**Required action:**
Each entry below should appear again exactly as written, without pictures.

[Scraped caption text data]
---
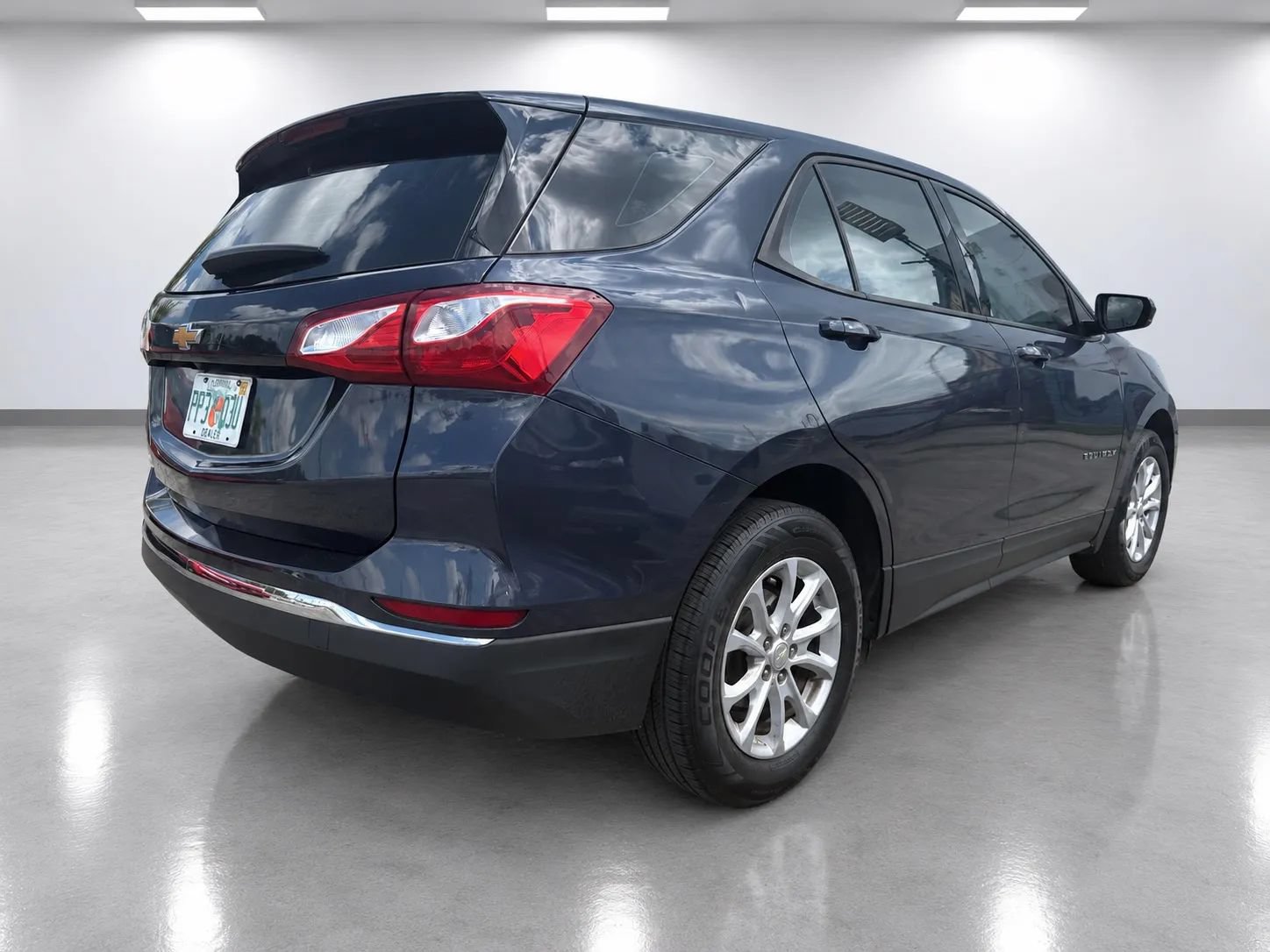 Used 2018 Chevrolet Equinox LS FWD image 5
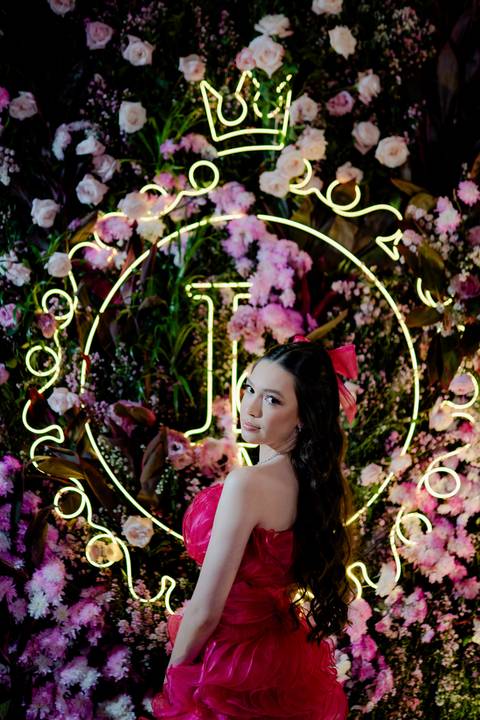 Aniversário de Isabella Sayuri: ensaio realizado em estúdio e no heliponto do Orion. A festa aconteceu no Espaço Noite Especial, com uma decoração incrível que fez cada momento ser único e memorável'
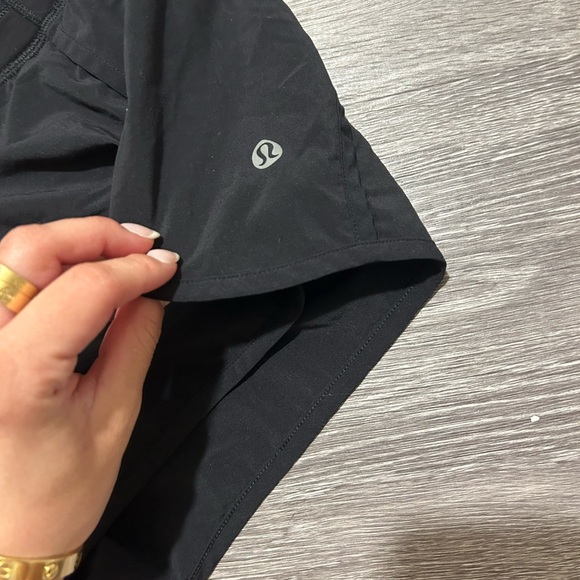 lululemon speed up shorts - Picture 2 of 5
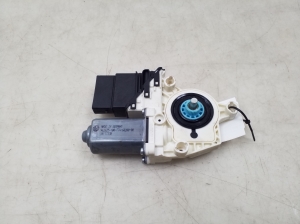 Volkswagen Tiguan (2007–2016) Hinterer Seitentür-Fensterhebermotor 5N0959704 - 3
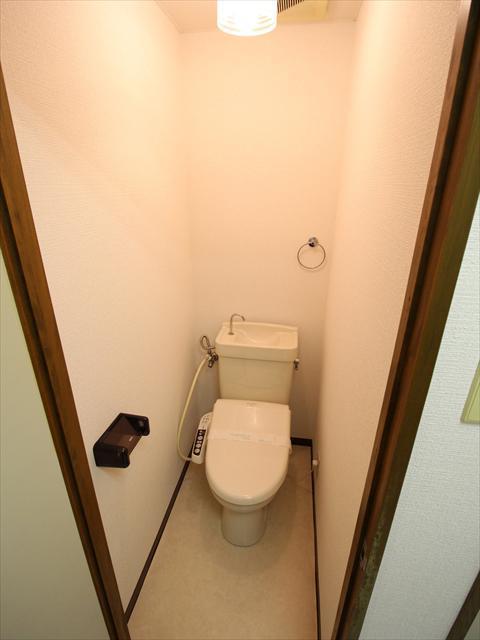 トイレ　松山市清水町　ロイヤルハイツ清水町　トイレ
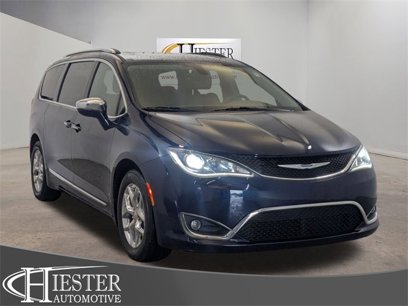 Used 2018 Chrysler Pacifica Limited
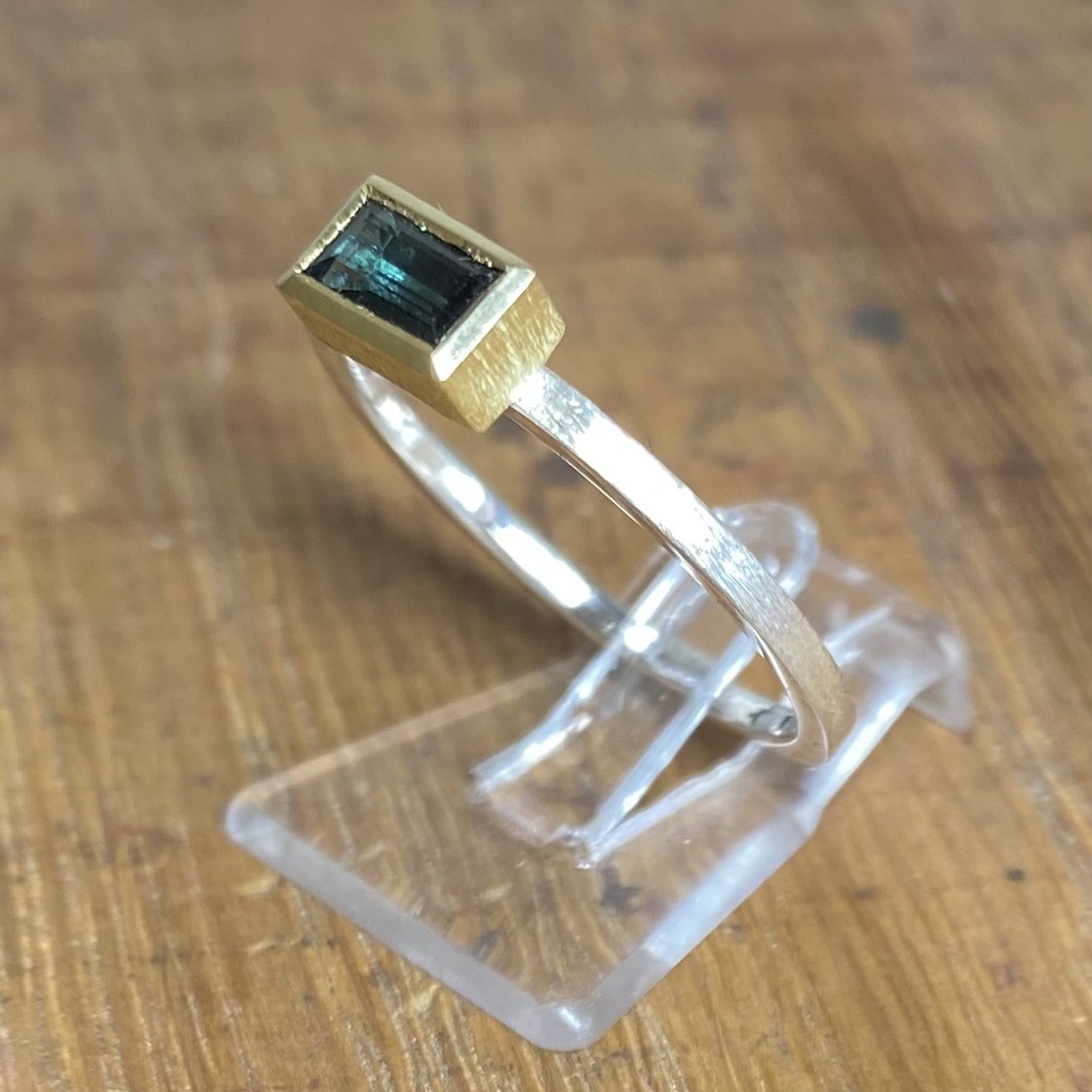 Sapphire baguette ring - Image 2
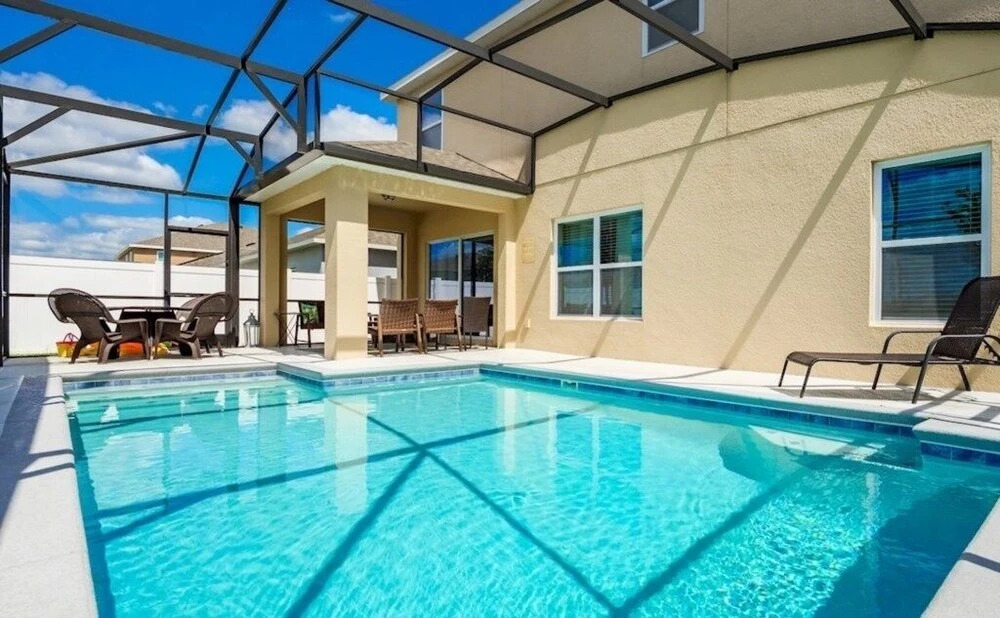 Laurel Estates 278026 5 Bedroom Villa by RedAwning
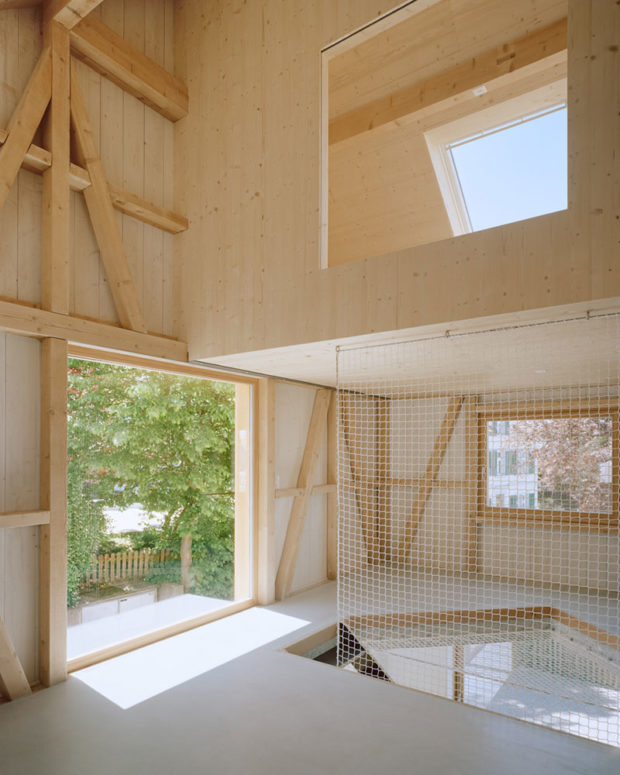 Vertikální obytný prostor - Malý dům ve Švýcarsku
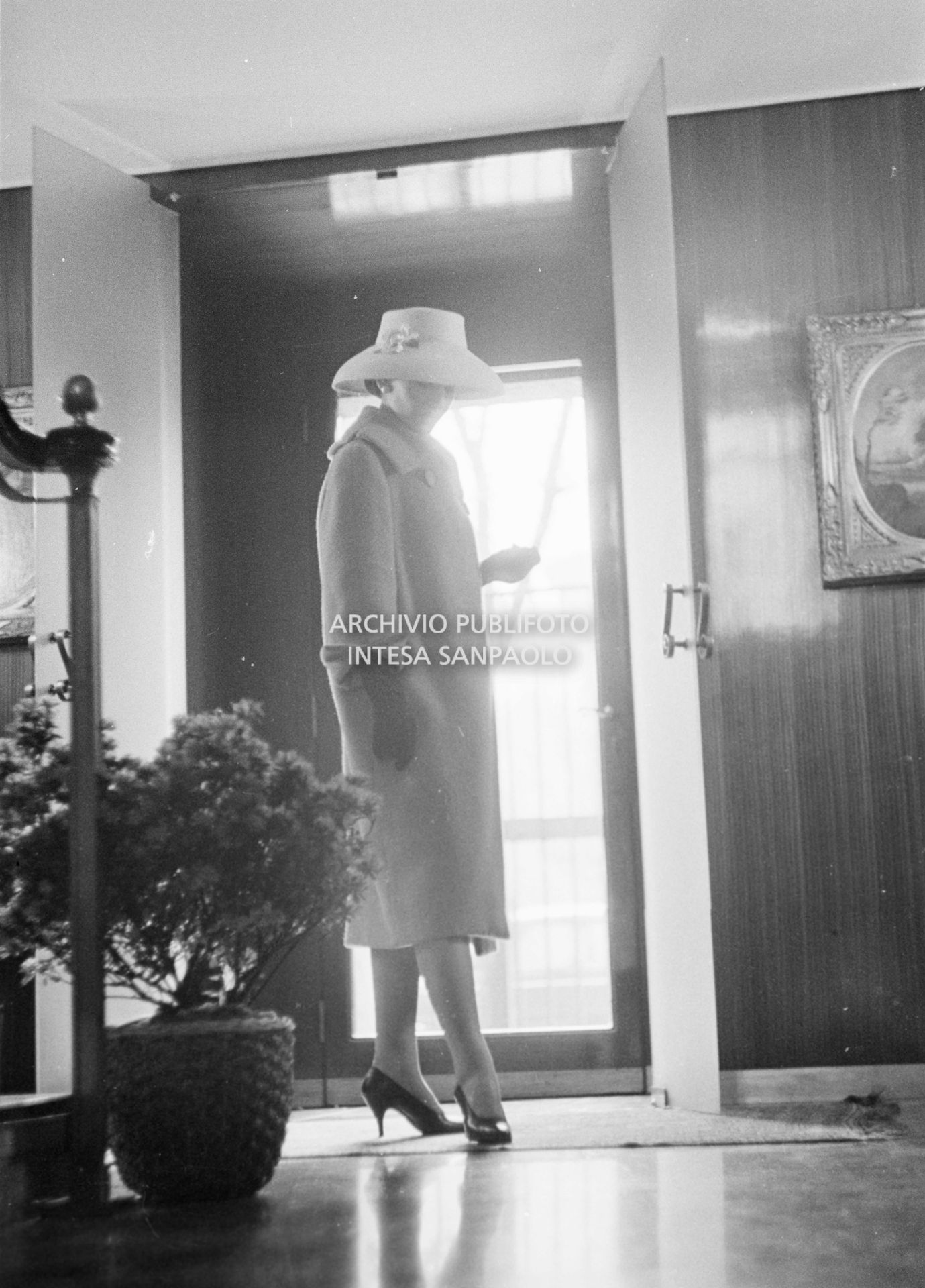 Maria Callas, ritratta in posa sulle scale della sua abitazione, indossa abito e cappello della sartoria Biki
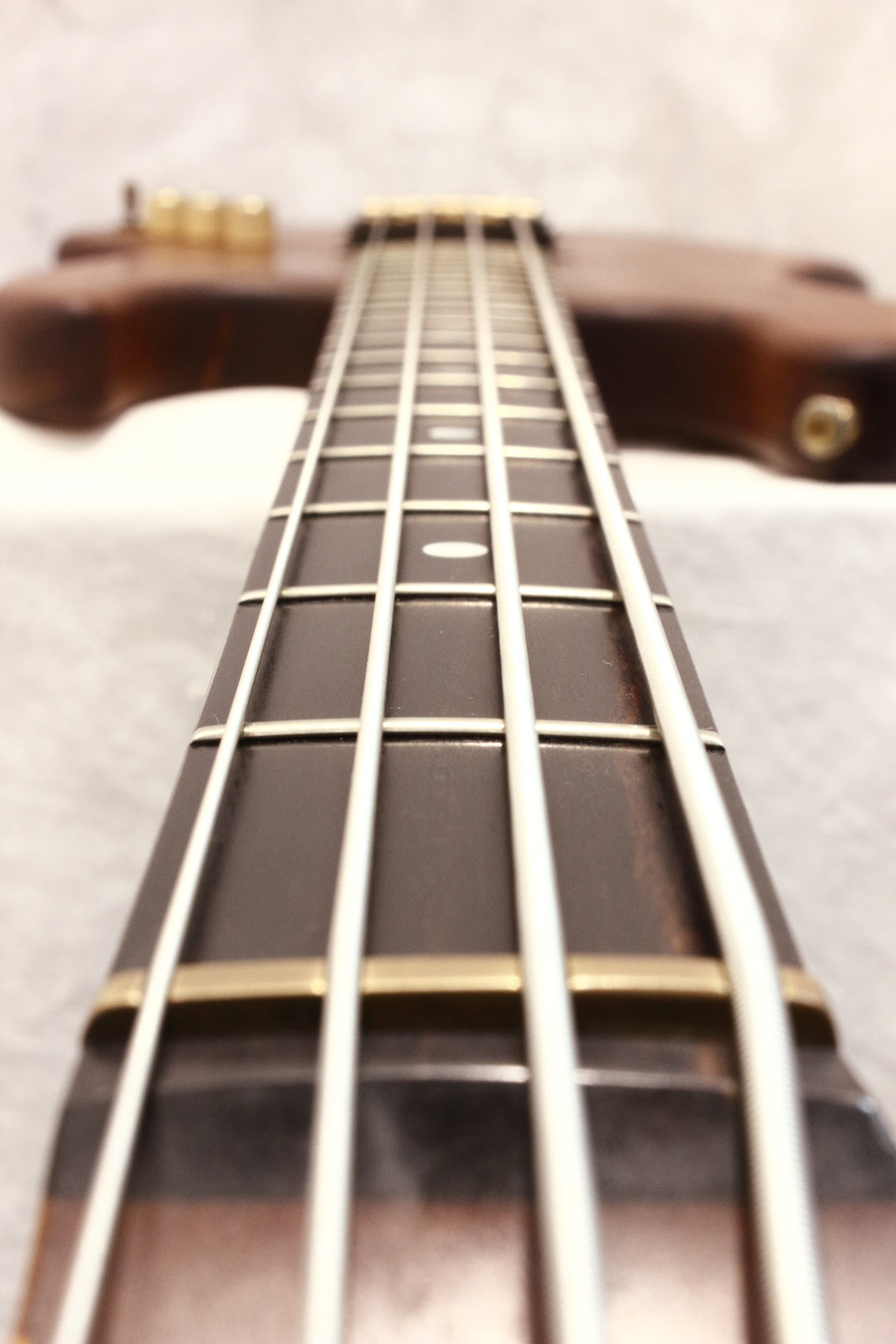 Moon JJ-4 Bass Natural Walnut 1991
---
**Exercise answer:**
 Used 2018 Chevrolet Equinox LS FWD image 5
 Aniversário de Isabella Sayuri: ensaio realizado em estúdio e no heliponto do Orion. A festa aconteceu no Espaço Noite Especial, com uma decoração incrível que fez cada momento ser único e memorável'
 lululemon speed up shorts - Picture 2 of 5
 Volkswagen Tiguan (2007–2016) Hinterer Seitentür-Fensterhebermotor 5N0959704 - 3
 トイレ　松山市清水町　ロイヤルハイツ清水町　トイレ
 Used 2018 Chrysler Pacifica Limited
 Sapphire baguette ring - Image 2
 Laurel Estates 278026 5 Bedroom Villa by RedAwning
 Vertikální obytný prostor - Malý dům ve Švýcarsku
 Maria Callas, ritratta in posa sulle scale della sua abitazione, indossa abito e cappello della sartoria Biki
 Moon JJ-4 Bass Natural Walnut 1991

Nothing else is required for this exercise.